The first statement above is DECEPTIVELY INACCURATE and has been propagated by MSM AND GOV since the outset. Correctly stated, it SHOULD READ as follows:

The companies got into trouble ahead of the financial crisis because they WERE FORCED TO TAKE on more risk BY MEETING HUD MANDATED QUOTAS AS HIGH AS 56% FOR SUBPRIME, ALT-A, NO-DOC LOANS without building more of a financial cushion to cover possible losses.

SOURCE: 2008 FINANCIAL CRISIS INQUIRY COMMISSION REPORT, p. 453-454
https://www.govinfo.gov/content/pkg/GPO-FCIC/pdf/GPO-FCIC.pdf

The GSE Act, however, created a new “mission” for Fannie Mae and Freddie Mac — a responsibility to support affordable housing—and authorized HUD to establish and administer what was in effect a mortgage quota system in which a certain percentage of all Fannie and Freddie mortgage purchases had to be loans to low-and- moderate income (LMI) borrowers—defined as persons with income at or below the median income in a particular area or to borrowers living in certain low income communities.

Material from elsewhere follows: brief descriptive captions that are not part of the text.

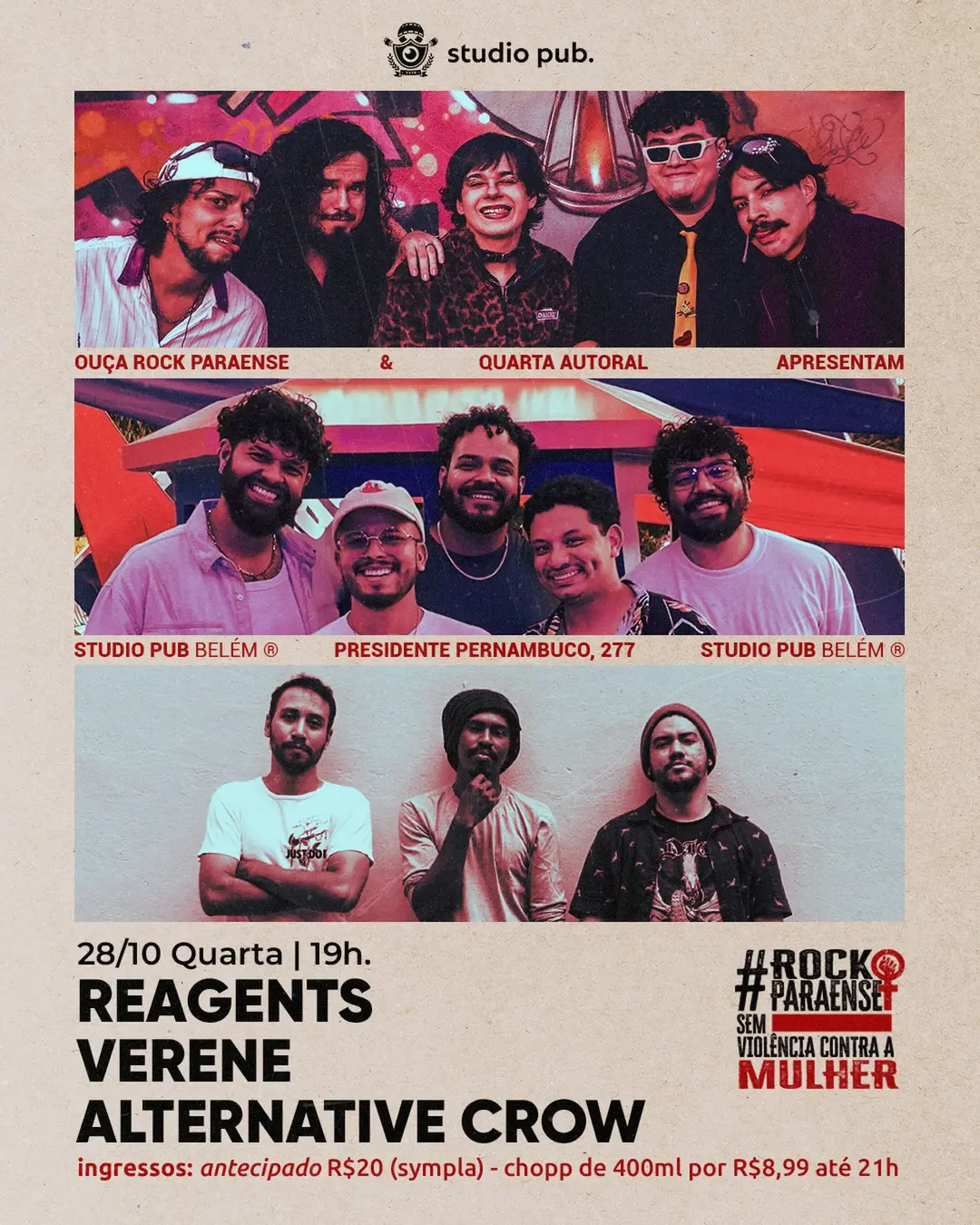 Flyer de Reagents e Alternative Crow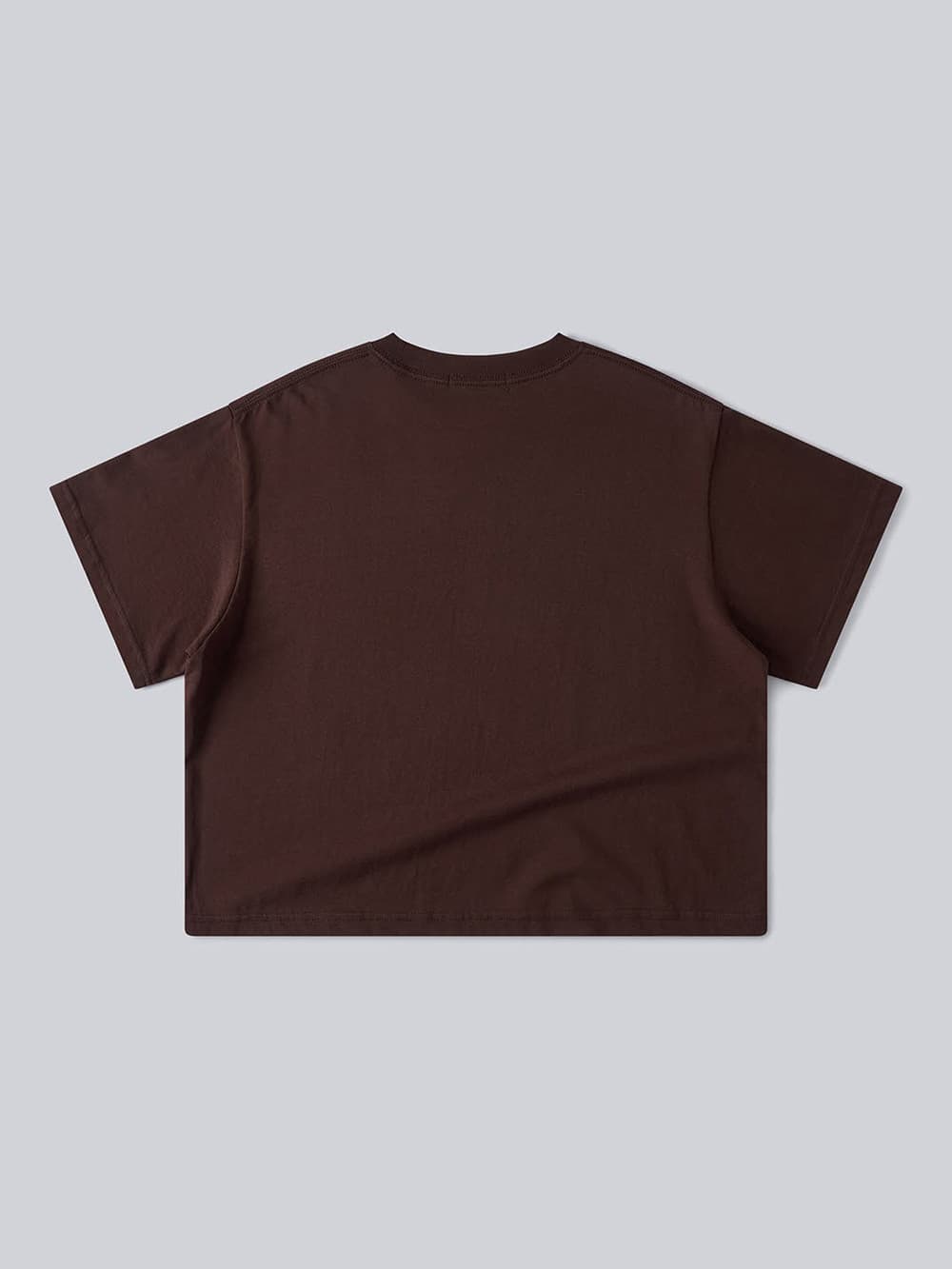 Sitting Girl Tee (Brown) — vue 11
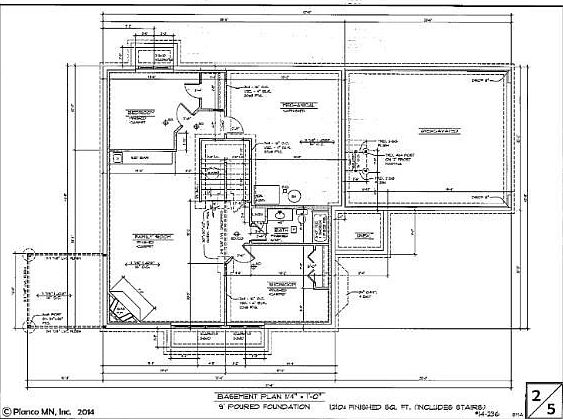 Lower level floor plan.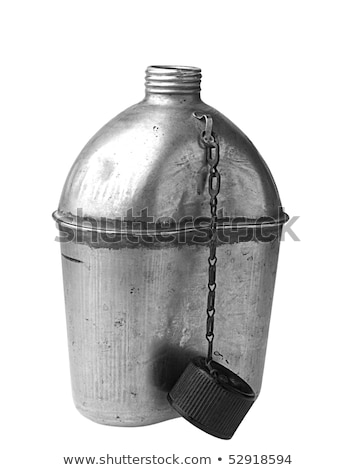 Stock fotó: Aluminium Canteen Isolated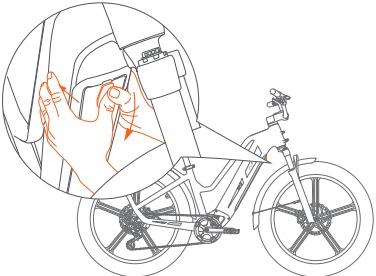 De batterij verwijderen - Stap 1
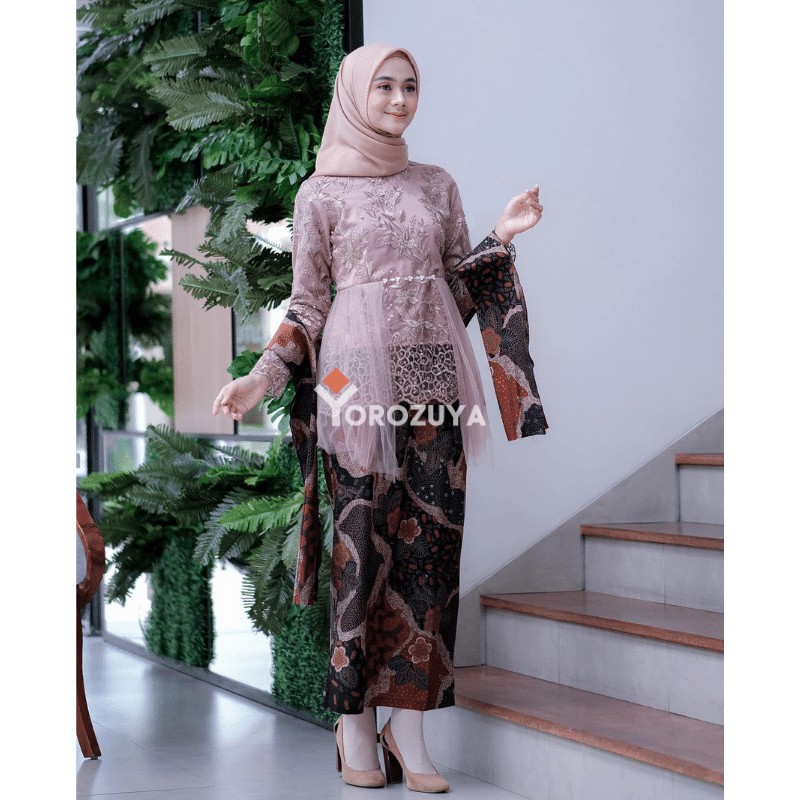 Kebaya Couple Modern, Kebaya Tunangan Lamaran, Kebaya Wisuda, Kebaya Kondangan-3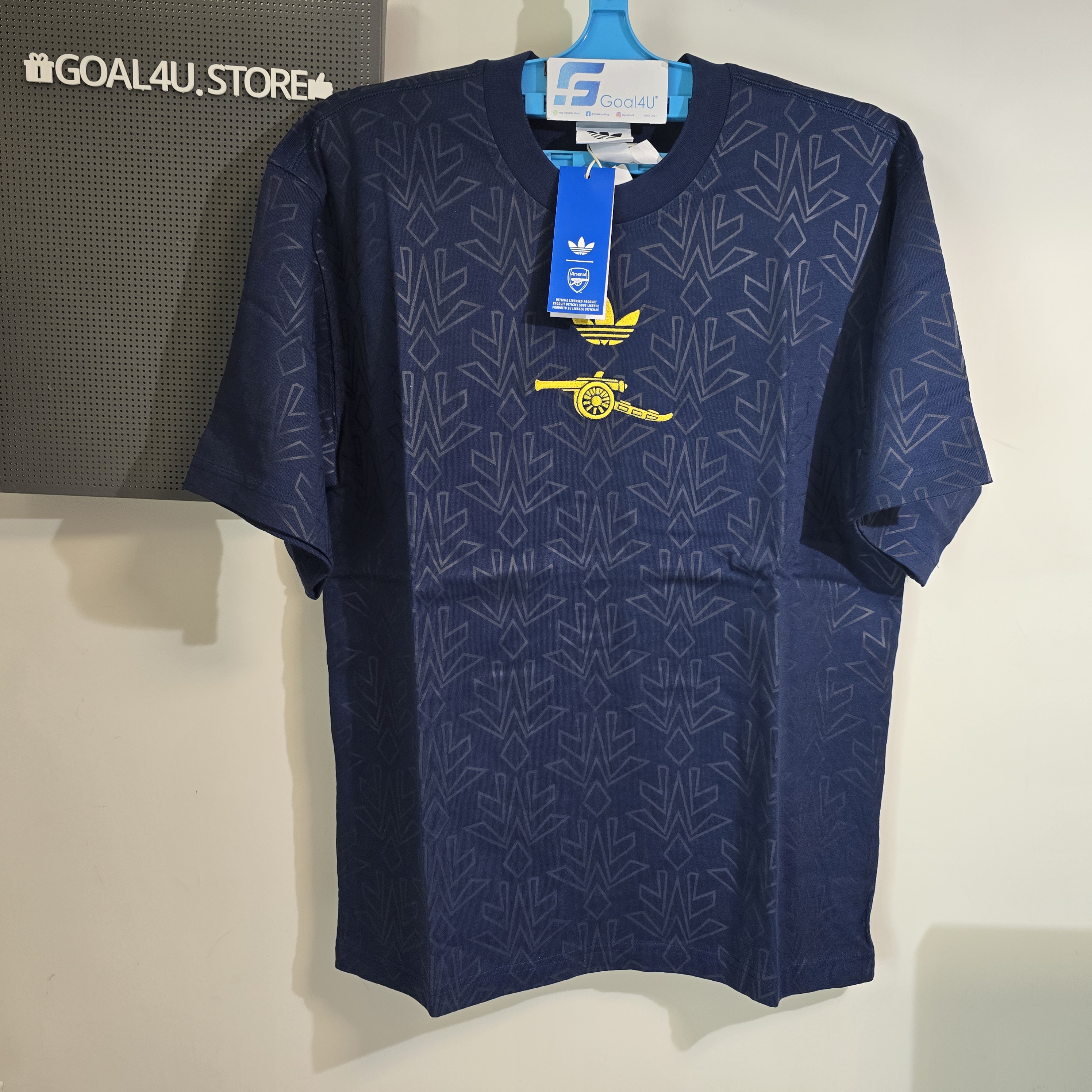 休閒時尚 Adidas Arsenal 阿仙奴 2025-26 Lifestyler T-Shirt JZ4103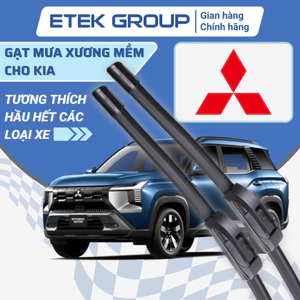 Gạt mưa ô tô Mitsubishi, Cần gạt mưa Silicone thân mềm cho xe Xpander, Attrage,Outlander,Triton,Pajero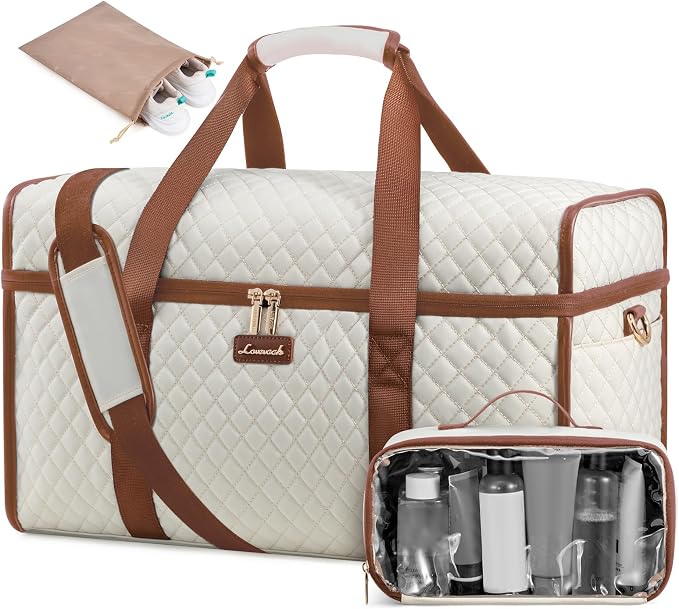 LOVEVOOK Travel Duffle Bag - Weekender & Overnight Bag with Toiletry & Wet Pocket, Carry-On Size, 3pc Set by LOVEVOOK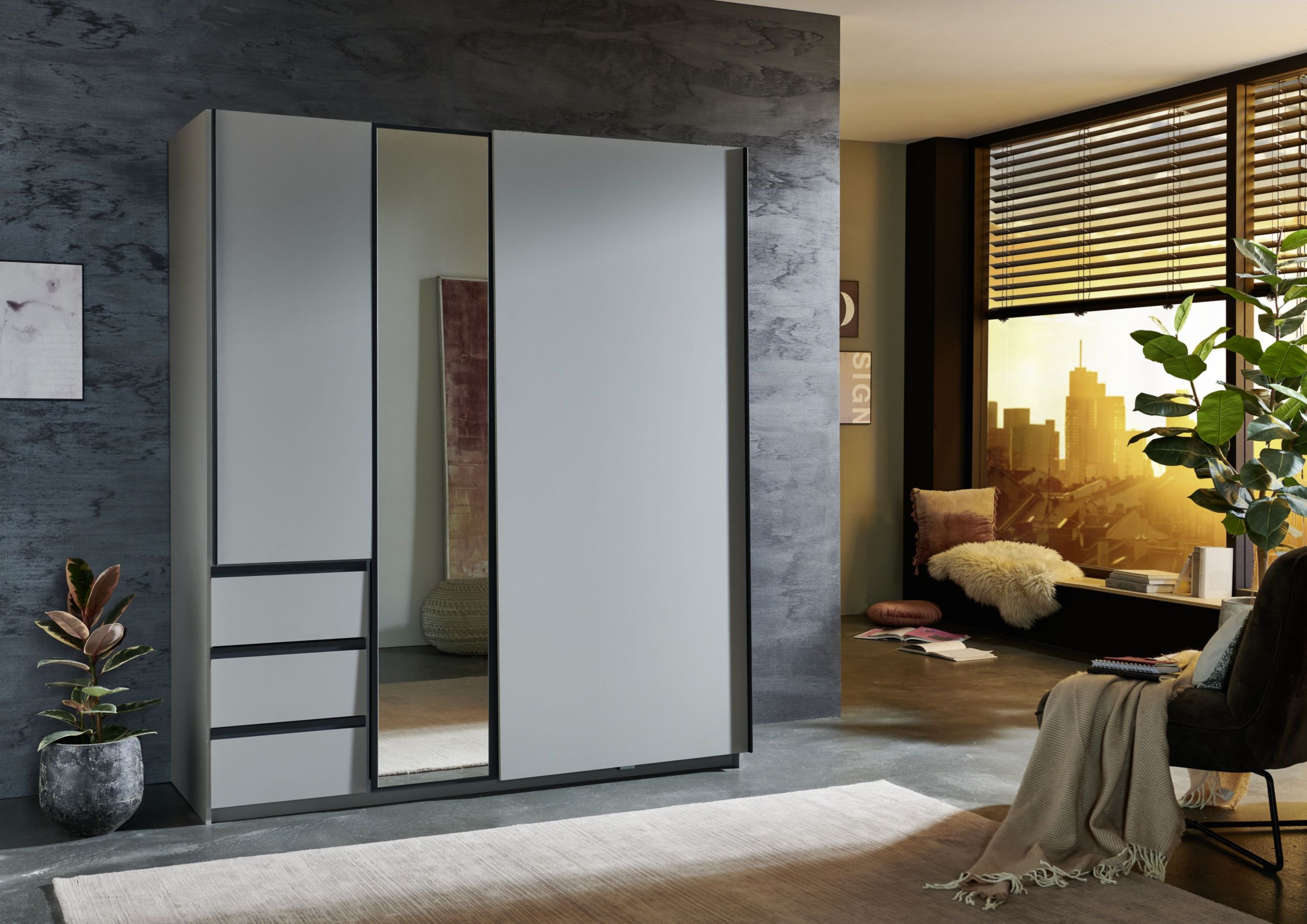 Schwebet&uuml;renschrank 2trg. image number 5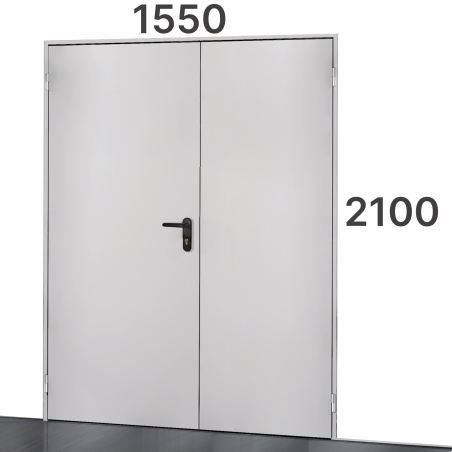 Porte 2 vantaux multi-usages en acier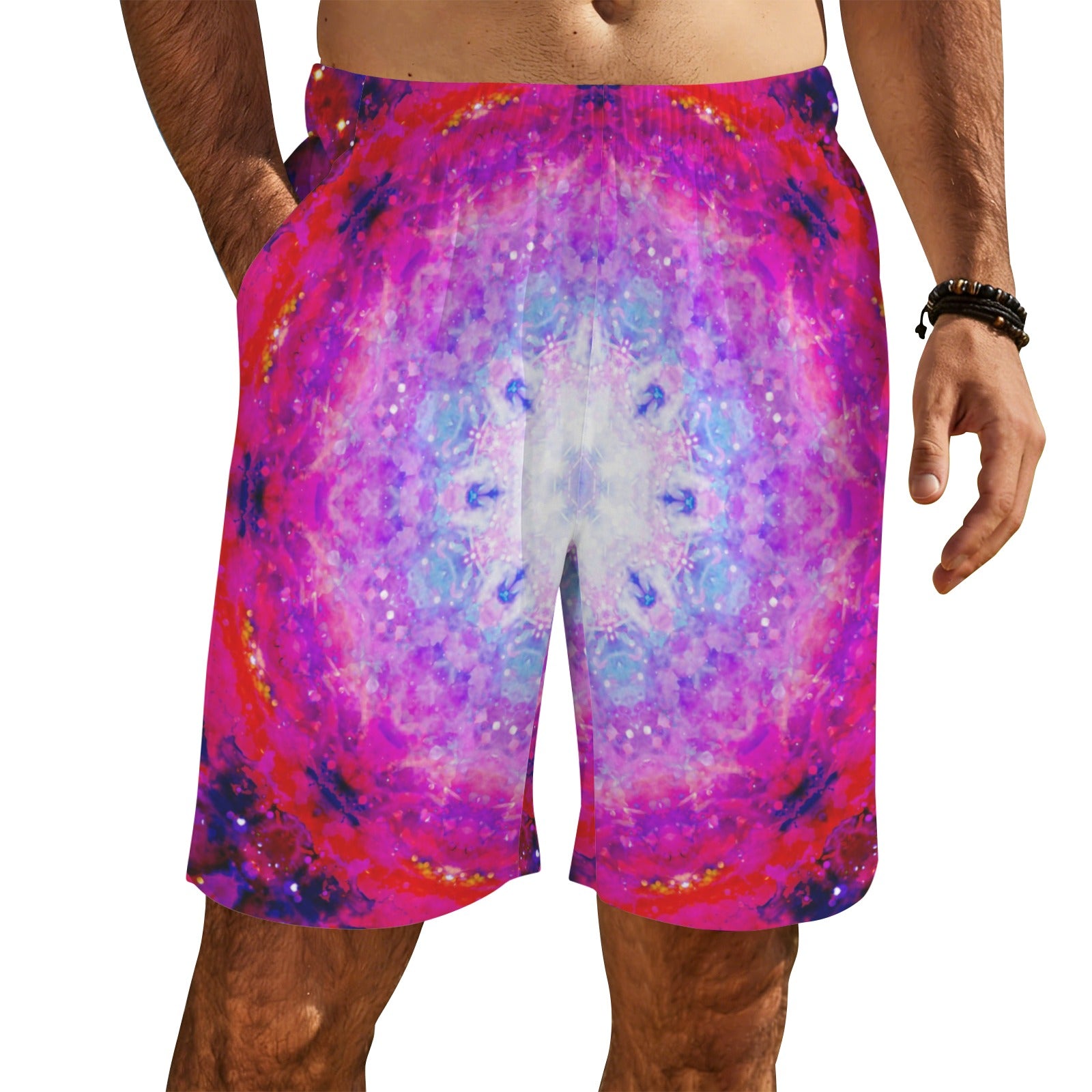 Katerina's Citadel Desires Men's All Over Print Beach Shorts (Sets 26) | Ships from USA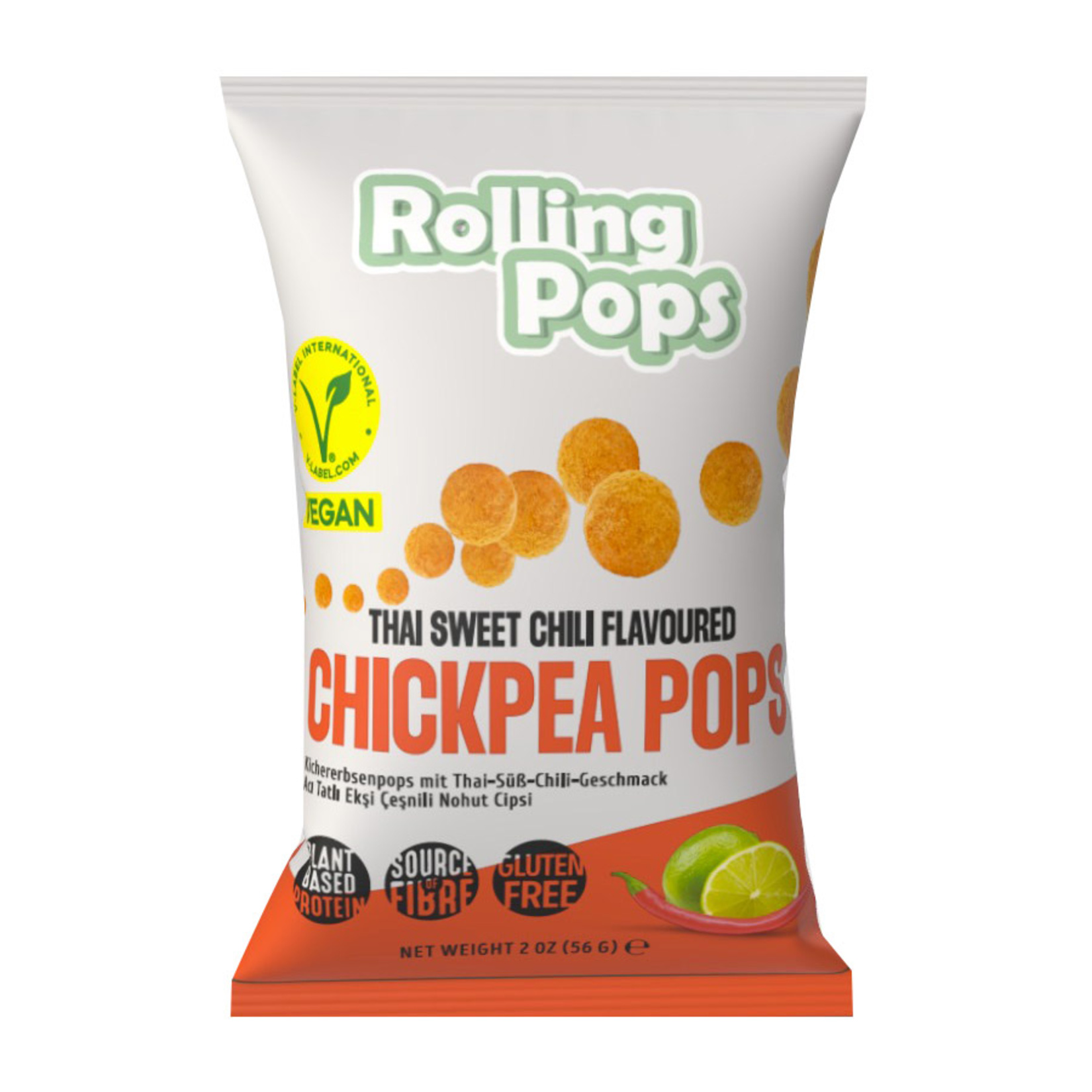 Rolling Pops Thai Sweet Chili Çeşnili Nohut Cipsi 56 G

The AH goals put Fannie and Freddie into direct competition with the FHA, which was then and is today an agency within HUD that functions as the federal government’s principal subprime lender.

Over the next 15 years, HUD consistently enhanced and enlarged the AH goals. In the GSE Act, Congress had initially specified that 30 percent of the GSEs’ mortgage purchases meet the AH goals. This was increased to 42 percent in 1995, and 50 percent in 2000. By 2008, the main LMI goal was 56 percent, and a special affordable subgoal had been added requiring that 27 percent of the loans acquired by the GSEs be made to borrowers who were at or below 80 percent of area median income (AMI). Table 10, page 510, shows that Fannie and Freddie met the goals in almost every year between 1996 and 2008.